- District: Mid Suffolk
- Region: East of England
- Population: 9,956 (2019)
- Electorate: 7,462 (2021)
- Major settlements: Combs Ford, Stowmarket

Current constituency
- Created: 2005
- Seats: 1
- Councillor: Keith Scarff (Liberal Democrats)
- Local council: Mid Suffolk District Council
- Created from: Stowmarket St. Marys
- Replaced by: Stowmarket East, Stowmarket West

= Stowmarket South Division, Suffolk =

Electoral division in Suffolk

Stowmarket South Division is an electoral division in Mid Suffolk District, Suffolk which returns a single County Councillor to Suffolk County Council.

==Geography==
The division entirely urban and contains the southern part of the town of Stowmarket.

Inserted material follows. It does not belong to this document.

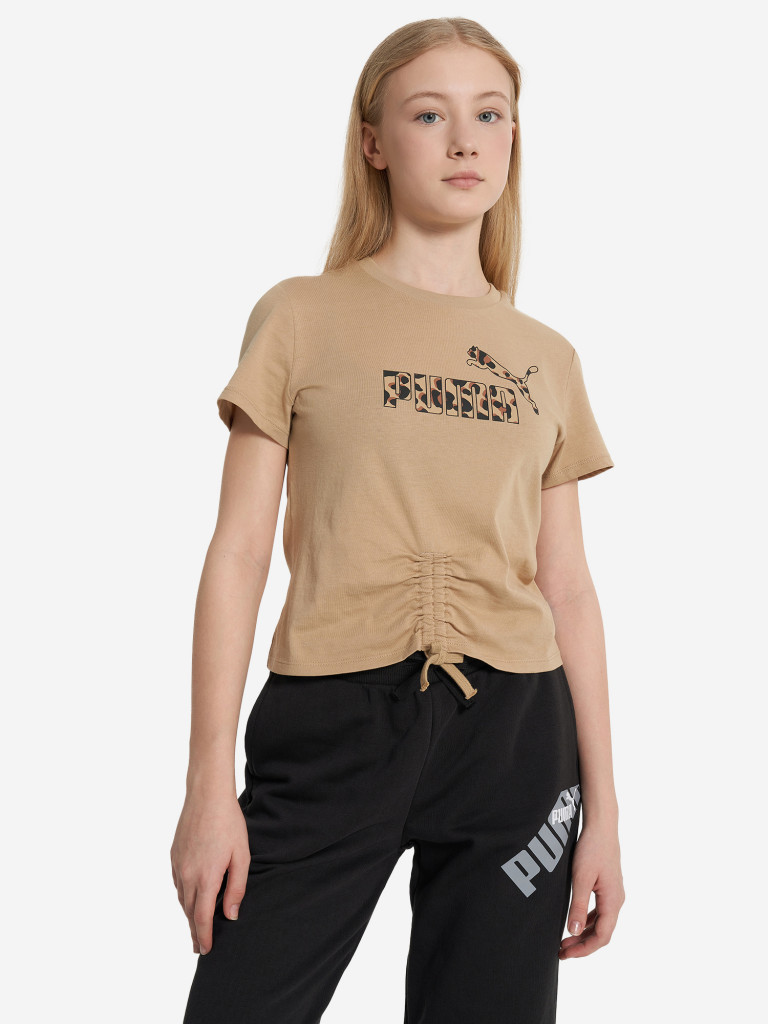 Футболка для девочек PUMA Ess — фото №2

It has higher-than-average proportion of people over the age of 50.

==History==
The division has always been competitive with no one receiving more than 40% of vote until 2021.

==Boundaries and boundary changes==
===2005–present===
- Mid Suffolk District Wards of Stowmarket Central, Stowmarket South.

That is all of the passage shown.